(WORK TASK): Output everything in the data exactly, leaving the pictures out.

(THE DATA):

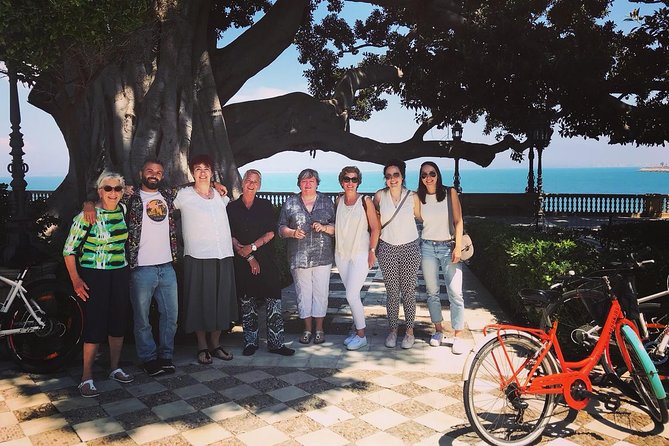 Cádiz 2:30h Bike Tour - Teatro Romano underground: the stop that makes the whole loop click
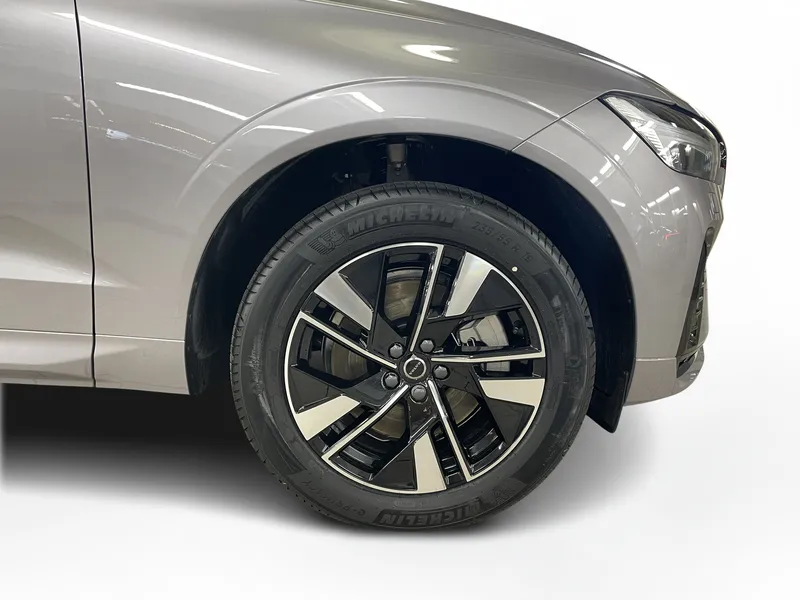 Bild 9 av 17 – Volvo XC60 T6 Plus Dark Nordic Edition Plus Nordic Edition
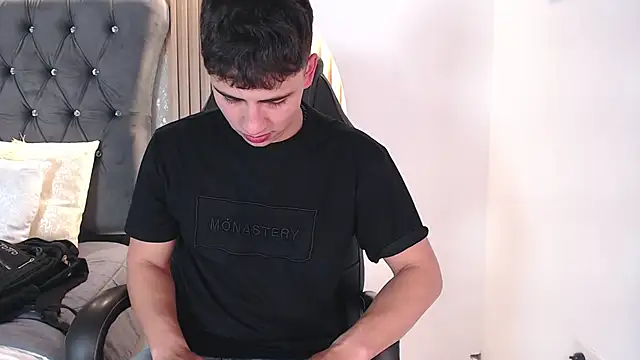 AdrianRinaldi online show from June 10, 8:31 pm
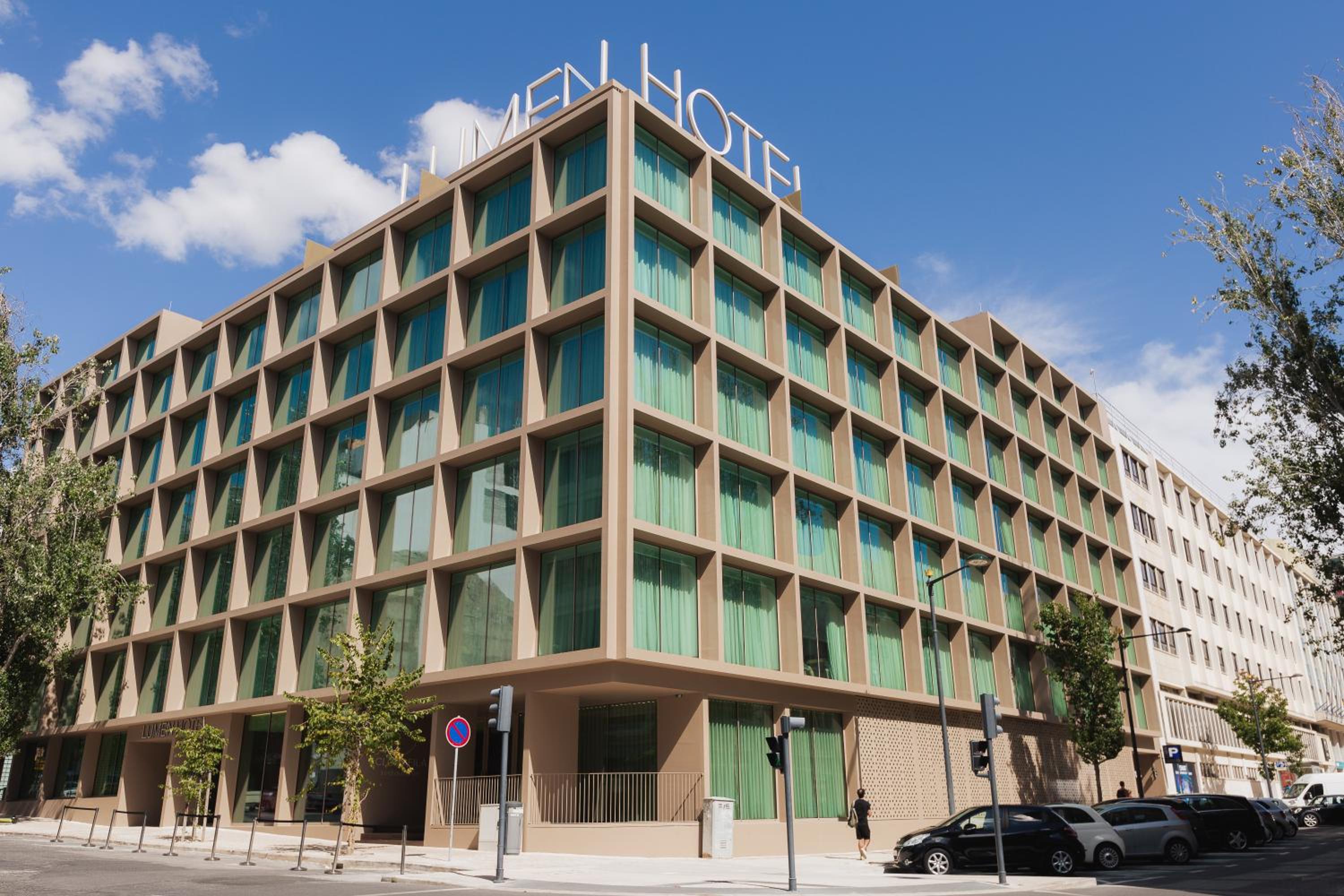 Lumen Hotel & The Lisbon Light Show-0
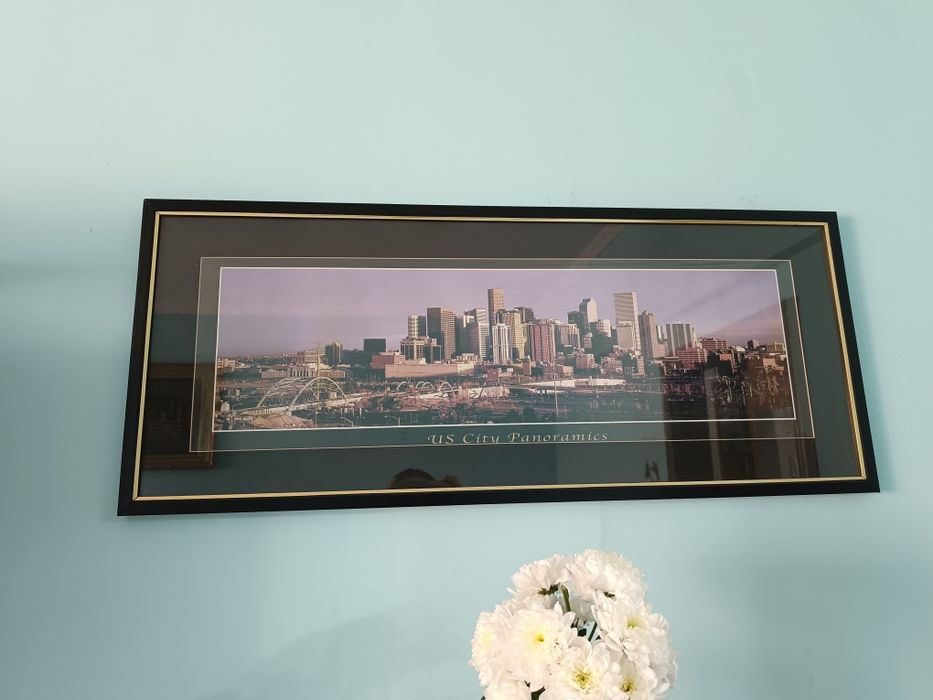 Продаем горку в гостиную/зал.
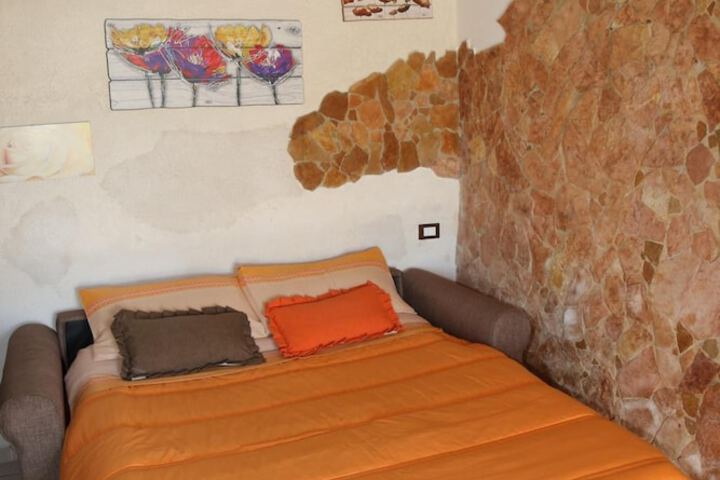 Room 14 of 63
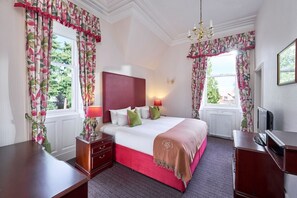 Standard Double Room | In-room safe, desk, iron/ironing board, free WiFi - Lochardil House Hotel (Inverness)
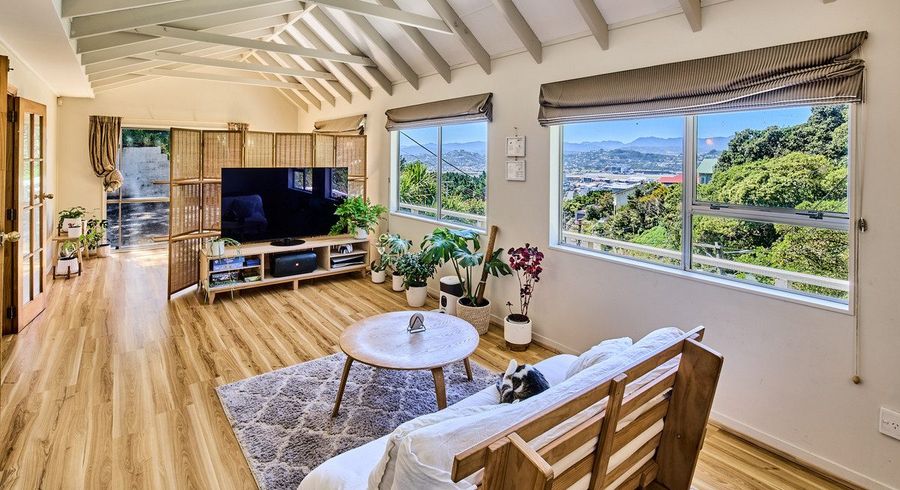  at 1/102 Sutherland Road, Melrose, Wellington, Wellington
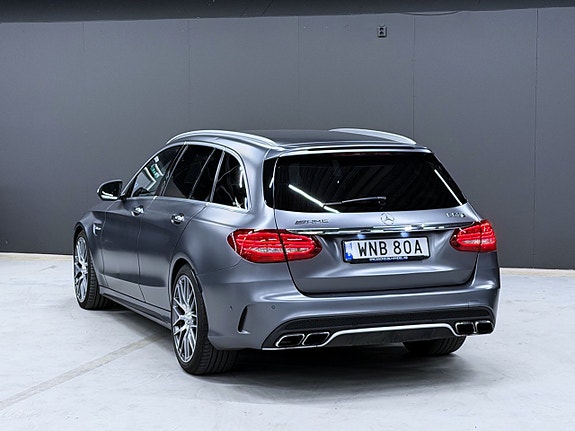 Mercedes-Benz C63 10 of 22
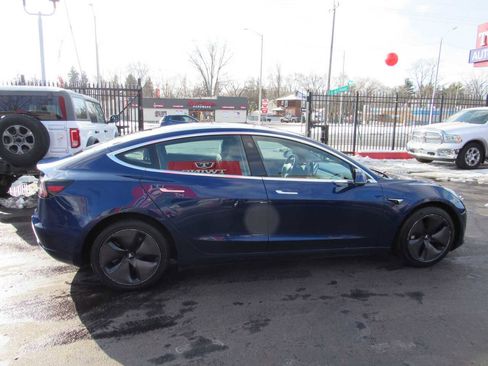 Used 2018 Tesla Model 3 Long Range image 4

(RESPONSE):
 Cádiz 2:30h Bike Tour - Teatro Romano underground: the stop that makes the whole loop click
 Bild 9 av 17 – Volvo XC60 T6 Plus Dark Nordic Edition Plus Nordic Edition
 AdrianRinaldi online show from June 10, 8:31 pm
 Lumen Hotel & The Lisbon Light Show-0
 Продаем горку в гостиную/зал.
 Room 14 of 63
 Standard Double Room | In-room safe, desk, iron/ironing board, free WiFi - Lochardil House Hotel (Inverness)
  at 1/102 Sutherland Road, Melrose, Wellington, Wellington
 Mercedes-Benz C63 10 of 22
 Used 2018 Tesla Model 3 Long Range image 4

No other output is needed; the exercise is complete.